It's heartbreaking, but I think my long-standing dream (6 years in the making, 6 years in the breaking) of using the insights of structuralism for the purposes of designing the built environment is truly flawed. Ignoring for a moment the problems with structuralism, how it is insensitively taxonomic or violent - how it takes things apart in order to understand them; despite this, it remains a useful tool for understanding. My problem is that architecture always means, no matter what you do. To bastardize the old Jungian adage, "Invited or not, meaning will come."
The difficulty is in controlling that meaning in such an amnesiac and quick-paced era. When architects try and control the meaning of their work, the meaning shifts to representing their intention to mean. Put in semiotic terms, the most reliable mode of signification in architecture is indexical signification.
Kingwell points out in his article on 'Monumental/Conceptual Architecture', that art has to embody ideas rather than demonstrate them, or to "speak them". As he says: "Conceptual art can be strong only when the concepts are subordinate to the art rather than dominant."
This is the problem with conceptual art - it quickly shifts from being considered profound to being considered pretentious if its dominant characteristic is its concept.

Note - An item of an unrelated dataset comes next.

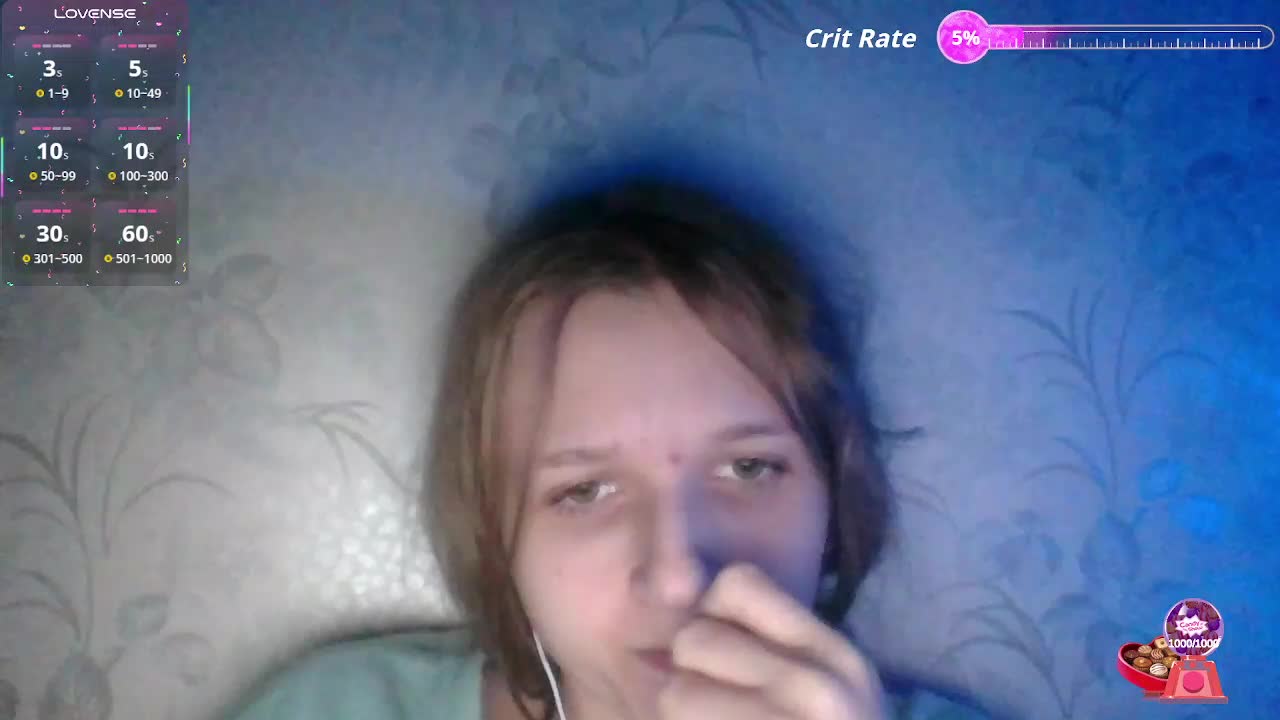 Draznilkina Adult Chat October 30, 2025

If the dominant characteristic is aesthetic, and the idea is embodied (as in the case of Magritte, I would argue), then the work is of much greater value.
I feel that this relates directly to my relationship with the dream of structuralist design. Plenty can be learned about the built environment through the application of a range of analytic tools, but when it comes to the project of 'making' the same tools can not be applied. If architecture is to communicate, it must embody the ideas. Being conceptual architecture is not enough - it must become an architecture of ideas.